With a recapitalization completed this month, Goldleaf Financial Solutions Inc. slashed its debt, reduced its obligations to a major private-equity backer, and is ready to pursue additional acquisitions, its president and chief executive said last week.
The Brentwood, Tenn., vendor of financial software and services also is expanding its list of alliances with other banking service providers.
The company plans to announce today that the core processing outsourcer RDSI Banking Systems, a Defiance Ohio, unit of Rurban Financial Corp., has agreed to sell banks Goldleaf’s check image-capture service, Remote Deposit Express.
“We’ve come a long way in a short time,” said Lynn Boggs, Goldleaf’s president and CEO.

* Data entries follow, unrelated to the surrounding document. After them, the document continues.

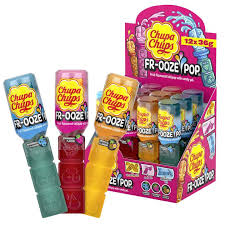 Chupa Chups Froze Pop Candy 45g (12 pack)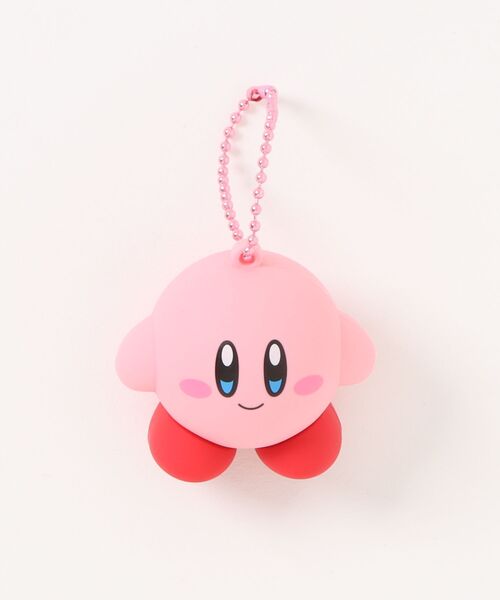Hamee(ハミィ)の「星のカービィ ぷっくりラバーマスコット(キーホルダー・レディース・ピンク系その他2/ピンク系その他3/ピンク系その他4/オレンジ系その他2・FREE)」の2枚目の写真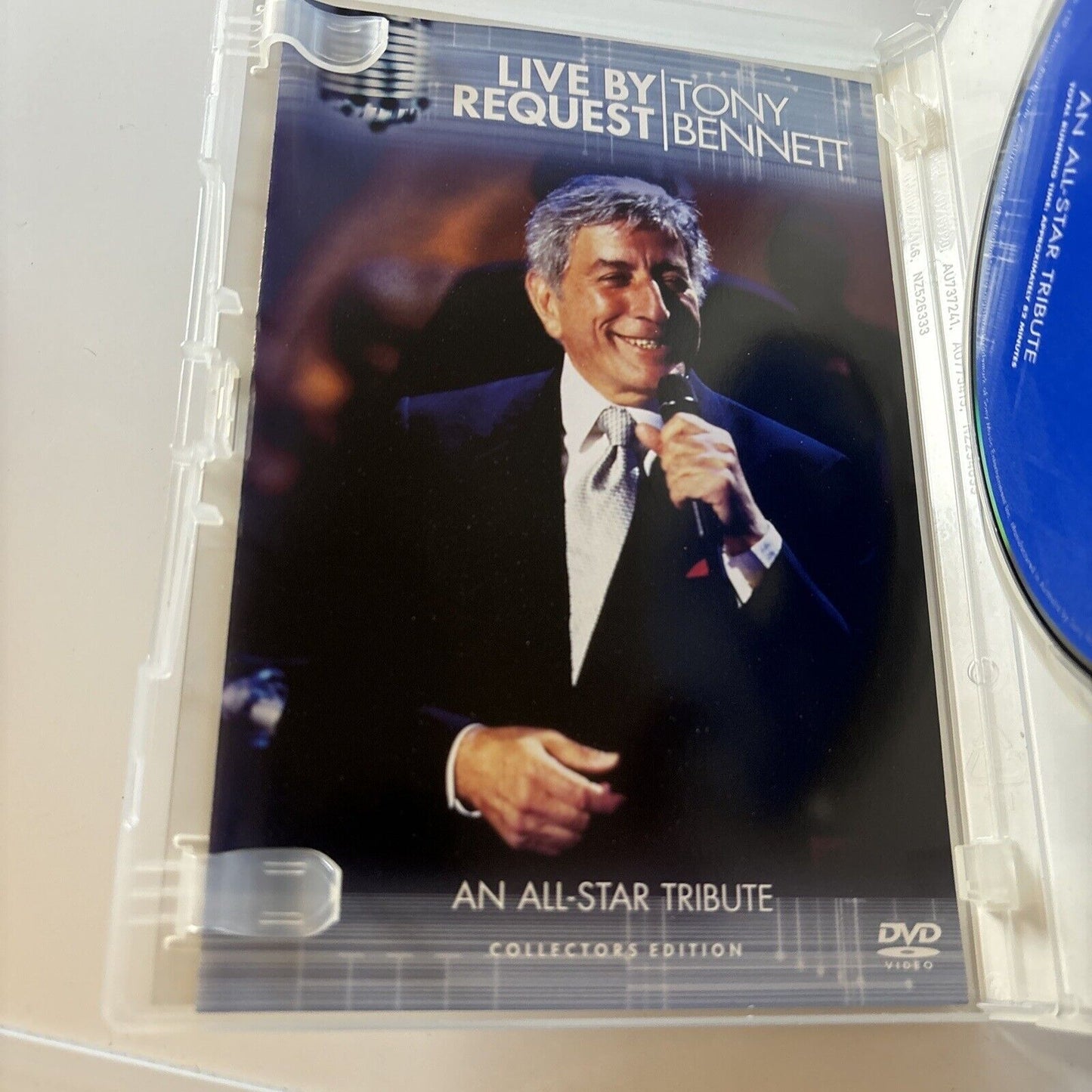 Tony Bennett - Live By Request (DVD, 1998) All Regions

Analysts said that the recapitalization should improve its profitability, and that the experienced management adds legitimacy to a company that has come together in its present form only in the past two years through a series of deals.
(Before joining what is now Goldleaf in December, Mr. Boggs was the chief operating officer at InterCept Inc., an Atlanta provider of data processing services.)
John Kraft, an analyst at D.A. Davidson & Co., initiated coverage of the stock last week with a “neutral” rating. He cautioned that Goldleaf’s ability to make mergers and acquisitions could be hobbled by the somewhat disappointing secondary stock offering, completed two weeks ago.
“They don’t have as much cash as they had hoped when they started this process,” Mr. Kraft said.
The offering raised only $5.50 a share, rather than the $8 that had been projected earlier, he said.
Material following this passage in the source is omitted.